Why Do People Still Bother to Write Books?

By Lisa Earle McLeod
Keynote Speaker and Author
McLeod & More, Inc.

Have you ever heard someone say, “I should write a book”? Perhaps you’ve said it yourself.

I do believe everyone has a book in them.

As an author, people often approach me with the “everyone says I should write a book” line. They then proceed to either tell me their idea, which I always like to hear, or ask me how the publishing process works, which is I find far less exciting to describe.

But take note: While writing a book is hard, getting it published is even more challenging. You have to want it pretty badly.

People want to write books for a lot of reasons. They want to be famous. They want to make a pile of money. They want everybody from high school to see that they’re not a big fat loser after all.

But there’s really only one good reason to write a book: You can’t stand not to write it.

You have a story or idea that you truly must share with the world, or you will just die.

I know it was that way for me. You get to a certain point emotionally, where it’s easier to do the book than to not do the book.

My latest book, The Triangle of Truth, was born when I saw the same problem cropping up in multiple places. I work as a sales leadership consultant. I also write a personal development column, and I’m a keen observer of politics. Here’s what I observed in each area.

Salespeople who can’t put themselves in the customer’s shoes miss opportunities. When they’re only focused on their own products and services, they miss what’s going on with their customer. They become so attached to their own agenda that they’re blind to any perspective other than their own. The result is frustration, unhappiness, and lack of success.

Every time I write about personal relationships in my newspaper column, I get loads of letters from hurt, angry, jaded people describing the many ways their partner didn’t “get it.” They want more conversation; their partner wants physical contact. They want a tight budget; their partner wants the freedom to spend. They become so attached to their own agenda that they’re blind to any perspective other than their own. The result is frustration, unhappiness, and lack of success.

Which leads me to politics, where for years I’ve watched both parties take a hard line either/or stance, refusing to work together. Wait for it, there’s a pattern here: They become so attached to their own agenda that they’re blind to any perspective other than their own. The result is frustration, unhappiness, and lack of success.
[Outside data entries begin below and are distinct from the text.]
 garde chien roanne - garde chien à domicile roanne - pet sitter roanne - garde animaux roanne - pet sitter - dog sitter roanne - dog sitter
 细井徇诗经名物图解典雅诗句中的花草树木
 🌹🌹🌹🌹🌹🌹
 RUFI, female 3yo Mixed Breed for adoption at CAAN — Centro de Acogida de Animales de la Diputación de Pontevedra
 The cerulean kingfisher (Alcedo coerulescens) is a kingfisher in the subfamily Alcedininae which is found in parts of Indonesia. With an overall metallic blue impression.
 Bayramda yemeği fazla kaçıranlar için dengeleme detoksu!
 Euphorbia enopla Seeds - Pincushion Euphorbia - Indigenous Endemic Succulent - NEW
I came to realize that the problem isn’t salespeople, romantic partners, or politicians. The problem is people and the way that we think. When we get overly attached to our own agenda, we perceive that other agendas are in conflict with ours, when in reality, they may be complementary. The “I’m right so you must be wrong” mental habit wreaks havoc on our relationships and our organizations.

Once I saw the problem, I started searching for answers. After I found some answers I couldn’t bear not to write them down. Eventually I became so passionate about solving this problem, I had to write the book.
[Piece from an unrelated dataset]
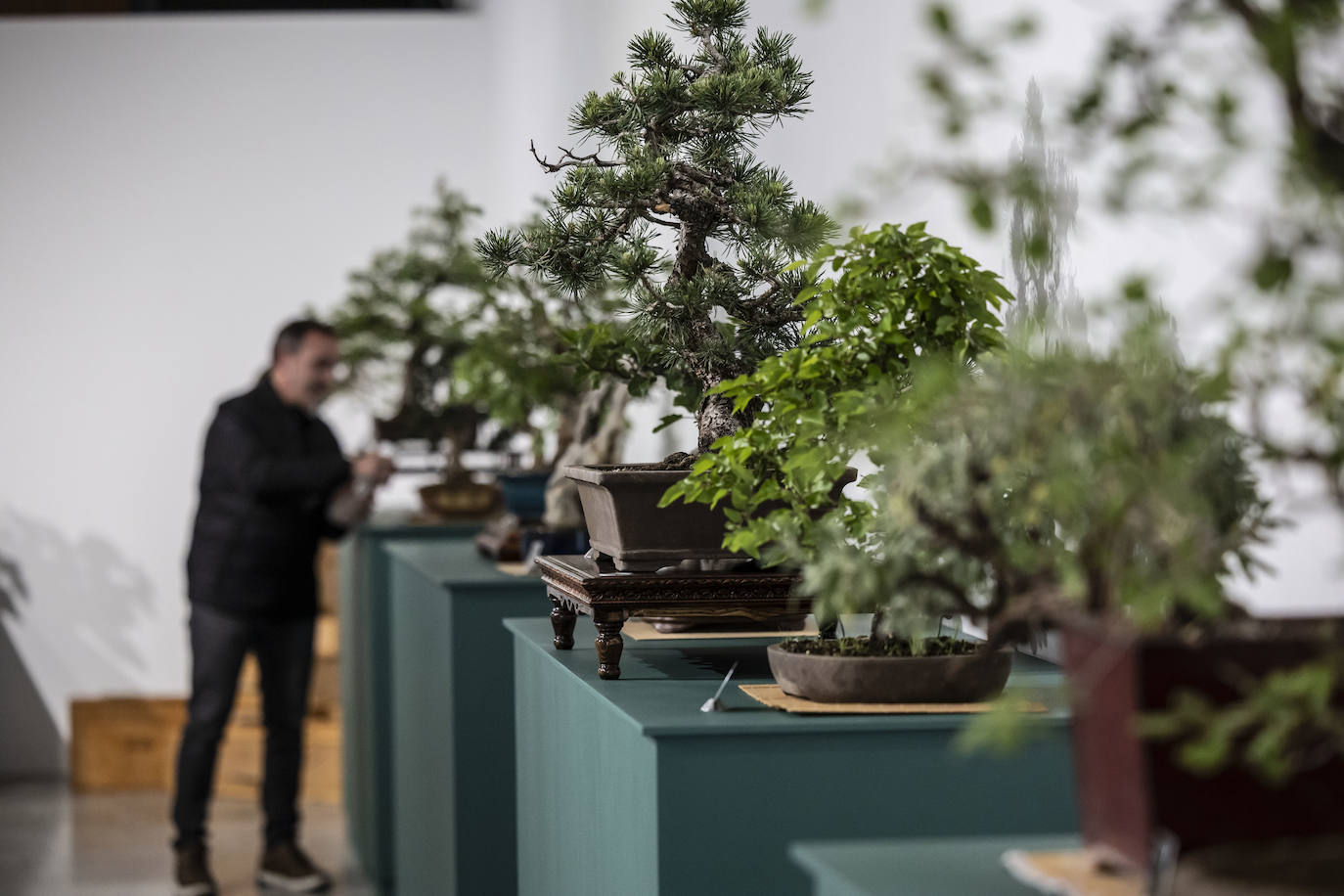 La muestra &#039;Bonsáis&#039; de la Asociación Rioja-Bonsái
Do you have a book in you? I suspect that you do. You’ll know it’s time to write it when it becomes too hard not to write it.


About Lisa Earle McLeod

Business strategist Lisa Earle McLeod is an expert in sales force and leadership development. An author, consultant, syndicated columnist, media commentator, and keynote speaker, she is recognized as a thought-leader whose latest book, “The Triangle of Truth,” was named a Washington Post Top 5 Business Book for Leaders.

A bottom-line-oriented business advisor whose firm, McLeod & More, Inc. was featured in Fortune magazine, she is also a problem-solving expert whose conflict-resolution handbook was delivered to every member of the House and Senate. And she’s a leadership contributor for Forbes.com, she blogs regularly for The Huffington Post, and she has written more than 500 articles.
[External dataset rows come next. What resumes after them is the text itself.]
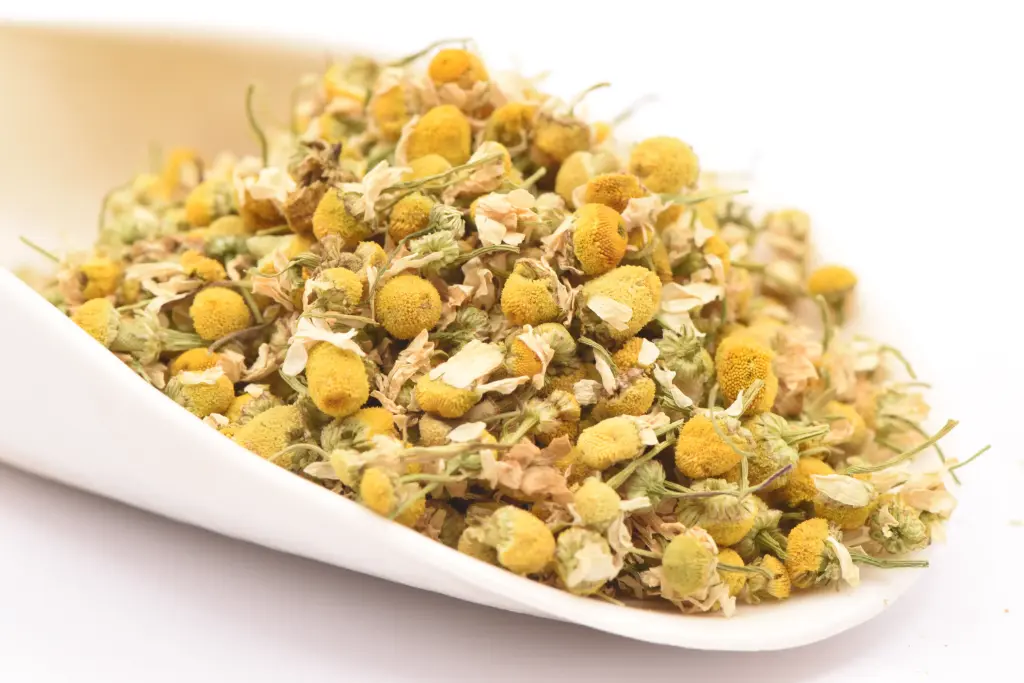 Camomille Matricaire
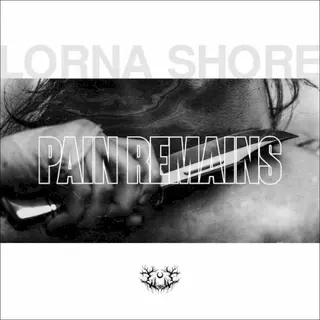 Cover of Pain Remains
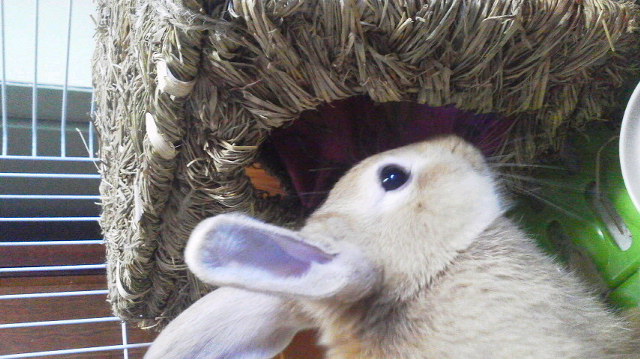 2012112515290001.jpg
This high-energy keynote speaker who has rocked the house everywhere from Apple to Pfizer to The United Way is a repeat guest on “Good Morning America” and has appeared on hundreds or radio and TV shows.

McLeod’s clients range from pharmaceutical to financial services, including Ann Taylor, Capital G, West Pharmaceutical, Black & McDonald, Kimberly-Clark, CMIT, and numerous franchises and entrepreneur organizations. She is also a personal-development expert whose first book “Forget Perfect,” was featured in The New York Times, and continues to sell a full decade after the original printing. Her essay collection, “Finding Grace When You Can’t Even Find Clean Underwear,” was featured on Oprah.com.

McLeod and her husband Bob live in Atlanta. They are the parents of two fabulous teenage daughters.